Directives 2002/12/EC and 2002/13/EC (Solvency I)

Amend Directive 73/239/ EEC (life undertakings) and 79/267/EEC (non-life undertakings) to strengthen solvency margin requirements. The new requirements (not applicable to mutuals, life or non-life, with less than €5 million annual contribution income): (a) allow Member States to establish more stringent solvency requirements; (b) increase the minimum guarantee fund, (to €3 million index-linked; (c) increase the threshold levels of premiums and claims below which a higher solvency margin is required; (d) allow earlier supervisory intervention; (e) increase the solvency margin for certain volatile categories of non-life business (marine, aviation and general liability) by 50 per cent; (f) allow a life company to include up to 50 per cent of its future profits for solvency until 31 December 2009 subject to supervisory approval; (g) the division of assets, for solvency purposes, into three categories those acceptable without limitation, those acceptable subject to limitations and those acceptable only with approval. The new measures start in 2004.

Directors

Companies Act 1985, s.741 states that director includes any person occupying the position of director by whatever name called’. A director is therefore anyone who ‘directs’ (identified by function rather than title).

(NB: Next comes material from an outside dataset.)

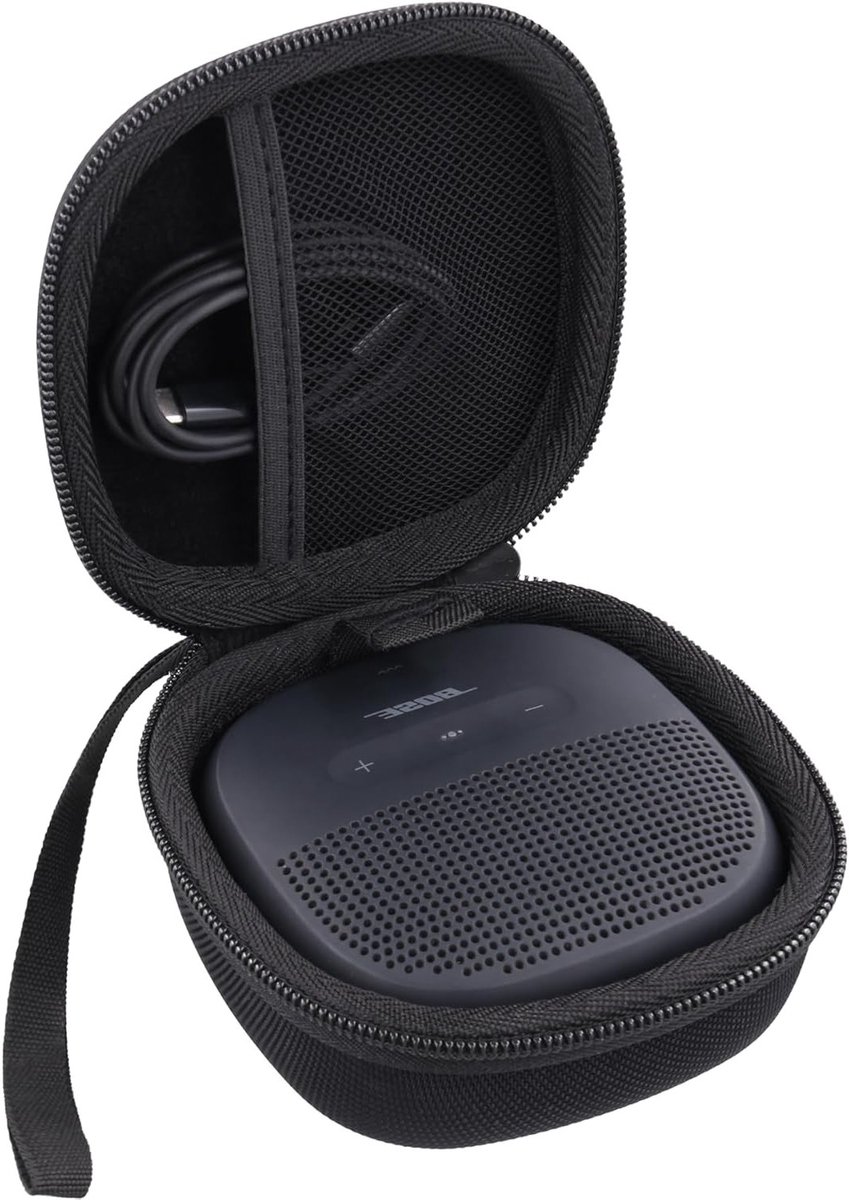 Draagbare Hard Case voor Bluetooth Speaker, Bescherming en Opberging, Zwart en Duurzaam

De jure directors are formally appointed and registered. De facto directors (constructive) are never formally appointed but act openly. Shadow directors do not act openly, they ‘lurk in the dark behind those who do’, being persons ‘in accordance with whose directions and instructions the directors of the company are accustomed to act’ (s.741(2)). Both executive and non-executive (i.e. outsiders) have the same general legal duties. The Higgs Report (2003) on corporate governance has introduced the concept of independent director, i.e. a non-executive director determined by the board as being independent in character and judgement and there are no circumstances (e.g. former employee) which could affect, or appear to affect, the director’s judgement. The Code on Corporate Governance also calls for the appointment of a senior independent director to liaise between the board and major shareholders.

DIRECTORS AND OFFICERS LIABILITY INSURANCE (D&O)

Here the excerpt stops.